En d’autres termes, tout être se constitue en s’orientant soit vers le pôle masculin, soit vers le pôle féminin, au terme d’un processus auquel le psychanalyste français donne le nom de « sexuation ». Il s’agit d’adopter un rôle qui a son fondement dans l’ordre du langage. De ce point de vue, la différence entre les « signifiants » homme et femme est radicale. Le concept clé qui rend compte de cette césure est le complexe de castration, lequel revêt une dimension symbolique et non réelle. Du côté homme, tous les membres sont sujets à la castration, en proie à l’angoisse d’être privés des attributs supposés de la virilité. Tous sauf un, le Père qui, en psychanalyse, incarne le fantasme d’une possession exclusive des femmes et représente la loi. Soustrait à la castration, il est l’exception qui fonde la règle applicable à la sexuation des hommes.
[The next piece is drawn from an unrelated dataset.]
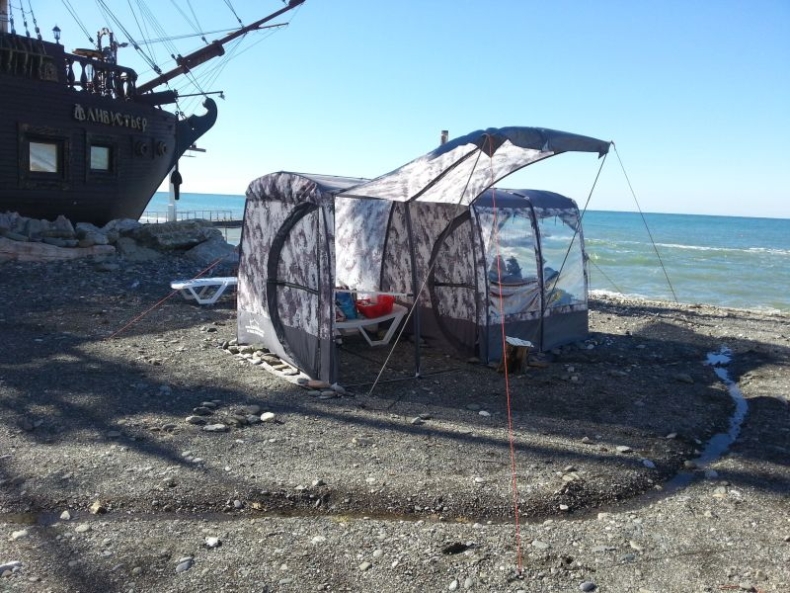 Мобильная баня палатка Терма-4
Or, du côté femme, il n’y a pas d’exception analogue : aucune femme n’est pas castrée… et aucune ne l’est, d’ailleurs ! Par conséquent, on ne trouve pas de caractérisation inconsciente suffisamment englobante pour pouvoir parler d’une essence générale de la femme.

C’est le sens de la phrase de Lacan, avec l’emploi de l’article défini censé désigner l’universel. Les femmes existent bel et bien, néanmoins elles sont toujours singulières et irréductiblement autres.
Accordant une importance décisive à la castration symbolique, cette thèse a le mérite de séparer les plans du biologique et du psychique, du sexe et de l’identité sexuelle. Cette distinction a aussi été mobilisée par les premiers théoriciens américains du genre (gender studies). En tant que concept, le genre renvoie au sentiment d’appartenance à une identité masculine ou féminine socialement construite, alors que le sexe demeure une spécificité anatomique. S’il n’a pas recours à cette notion, Lacan déploie à sa manière les enjeux qui la sous-tendent.

Ce n’est pas pour l’égalité des sexes qu’il faudrait militer, mais pour leur stricte équivalence.
« Équivalence », en mathématique, signifie qu’ils sont des uns, chacun hétérogène irrémédiablement, dont l’axiome de Lacan « Il n’y a pas de rapport sexuel », est la traduction.
Impossible d’écrire le rapport de leur jouissance spécifique.
Les formules de la sexuation, sont celles qui définissent que le choix de son « identité sexuée » par le sujet s’origine d’une « insondable décision de l’être », indépendamment, du sexe anatomique Impossible à « neutraliser ».
La question qui se pose dès lors est celle-ci :
Le choix pour un mâle (« sinthome-il ») d’une identité « femme », comporte-il qu’il ait accès à la « jouissance féminine », celle qui s’éprouve de tout le corps mais sans le savoir, au-delà du Phallus ?
On peut faire l’hypothèse que oui, mais comment en rendre compte.
Pour une femme, la question ne se pose pas, parce que pour elle (« sinthome-elle »), sa jouissance est double (« duelle »):
1) Phallique, liée à son organe clitoridien, comme elle l’est pour l’homme focalisée sur son organe de façon privilégiée, sans que l’on sache pourquoi il en est ainsi.
2) Au delà du Phallus et de la castration symbolique – « folle et énigmatique » (Lacan).